- PROBLEM DESCRIPTION -
Leave the pictures out. Retype exactly the lines below from the one containing "Charge by a" through the one containing "Lululemon Tracker Short", and no others.

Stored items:
────────

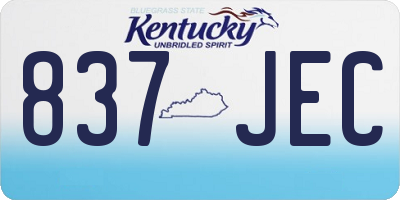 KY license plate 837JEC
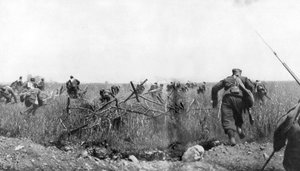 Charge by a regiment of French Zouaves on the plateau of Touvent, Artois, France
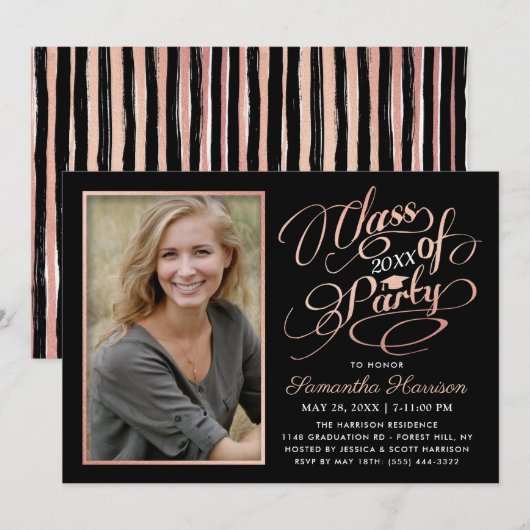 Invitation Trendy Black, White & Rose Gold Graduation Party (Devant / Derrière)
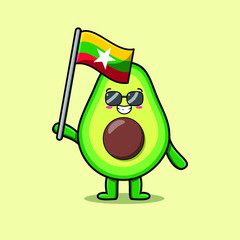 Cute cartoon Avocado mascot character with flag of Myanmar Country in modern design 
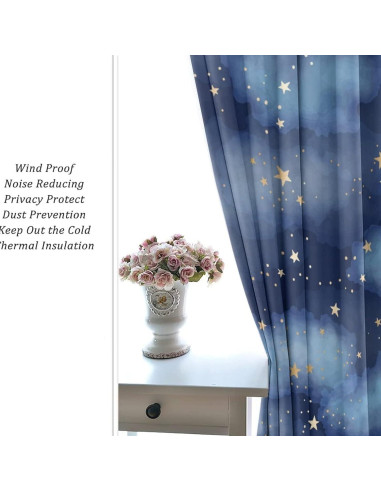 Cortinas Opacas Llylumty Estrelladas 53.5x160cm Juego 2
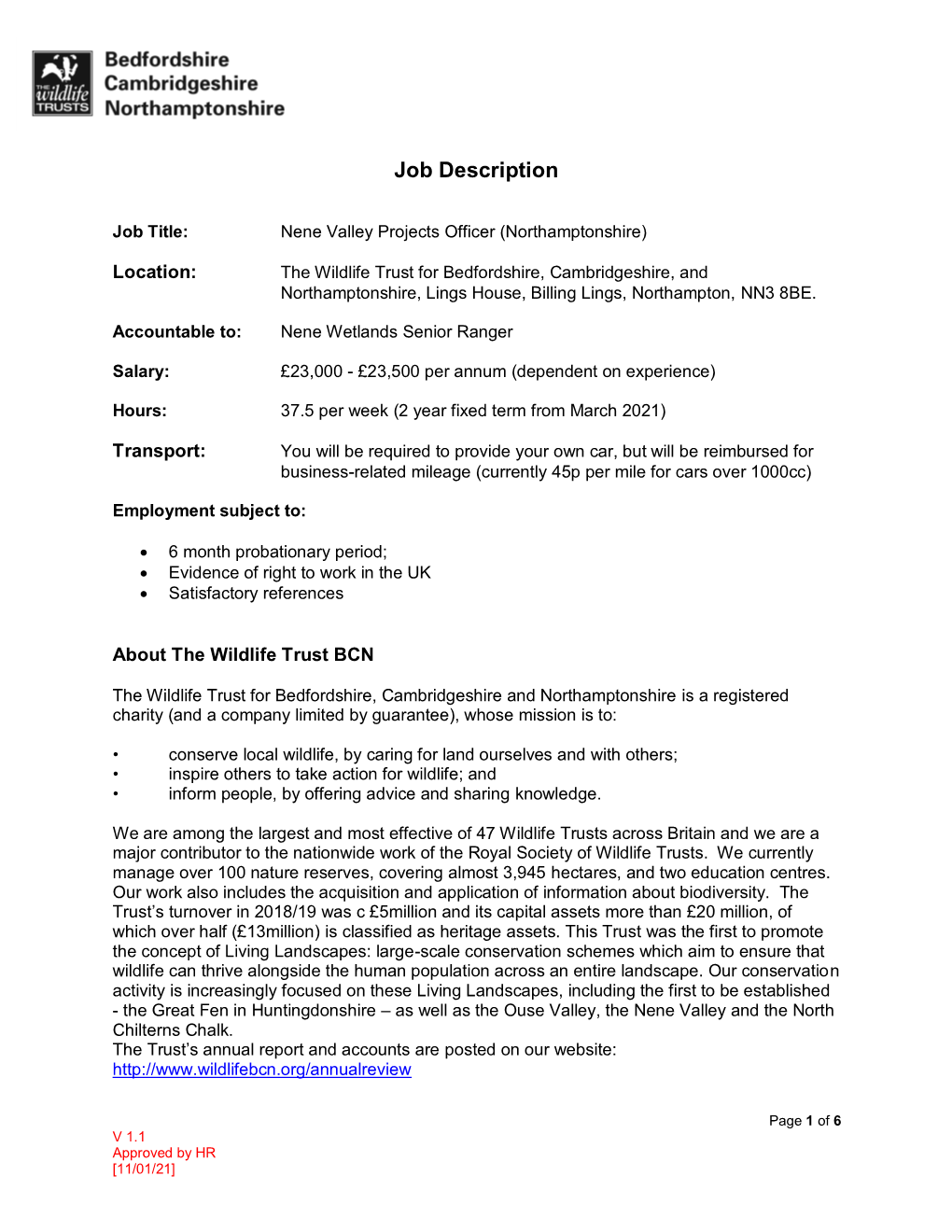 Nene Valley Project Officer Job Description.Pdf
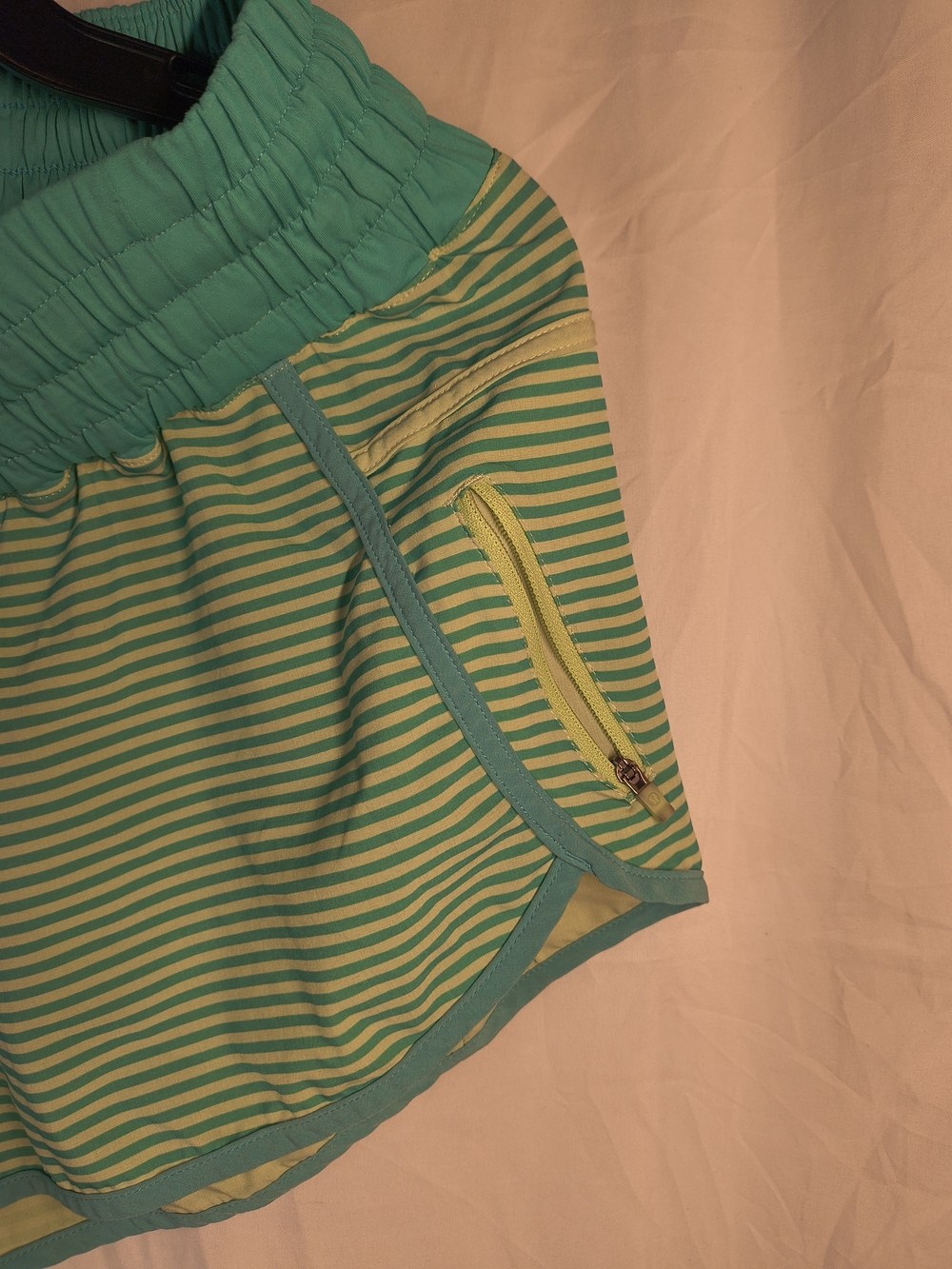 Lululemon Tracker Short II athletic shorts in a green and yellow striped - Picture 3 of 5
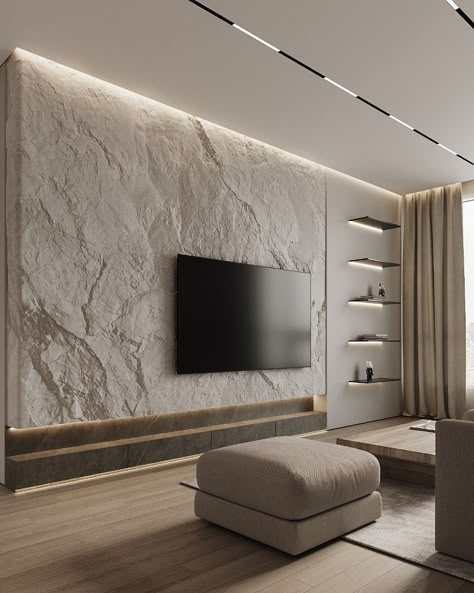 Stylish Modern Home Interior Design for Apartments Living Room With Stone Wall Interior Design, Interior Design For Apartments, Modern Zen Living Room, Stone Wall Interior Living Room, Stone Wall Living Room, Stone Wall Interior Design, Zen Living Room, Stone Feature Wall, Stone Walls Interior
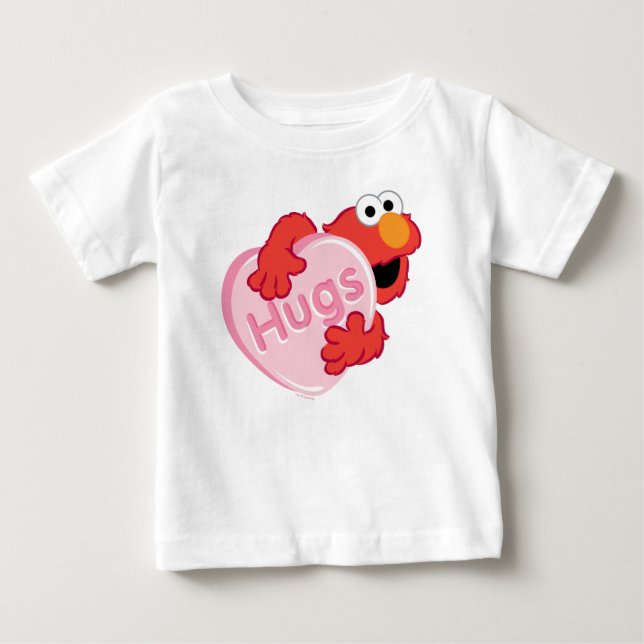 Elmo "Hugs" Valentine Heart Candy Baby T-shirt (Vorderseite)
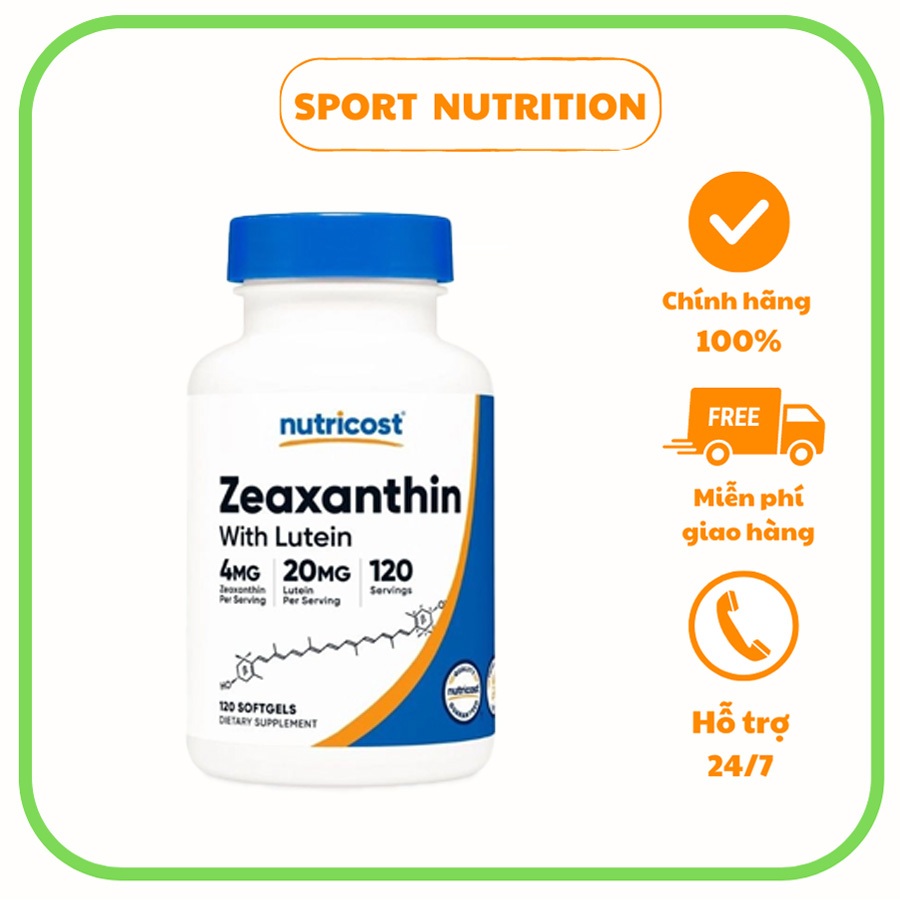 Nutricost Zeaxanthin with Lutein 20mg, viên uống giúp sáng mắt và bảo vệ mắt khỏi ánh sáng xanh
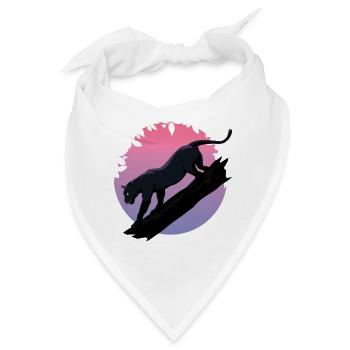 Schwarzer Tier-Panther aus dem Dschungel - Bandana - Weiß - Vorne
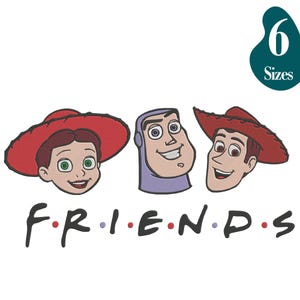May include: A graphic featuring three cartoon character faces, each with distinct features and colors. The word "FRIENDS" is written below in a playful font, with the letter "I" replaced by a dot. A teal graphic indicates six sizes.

────────

- SOLUTION FOR THIS EXERCISE -
 Charge by a regiment of French Zouaves on the plateau of Touvent, Artois, France
 Invitation Trendy Black, White & Rose Gold Graduation Party (Devant / Derrière)
 Cute cartoon Avocado mascot character with flag of Myanmar Country in modern design 
 Cortinas Opacas Llylumty Estrelladas 53.5x160cm Juego 2
 Nene Valley Project Officer Job Description.Pdf
 Lululemon Tracker Short II athletic shorts in a green and yellow striped - Picture 3 of 5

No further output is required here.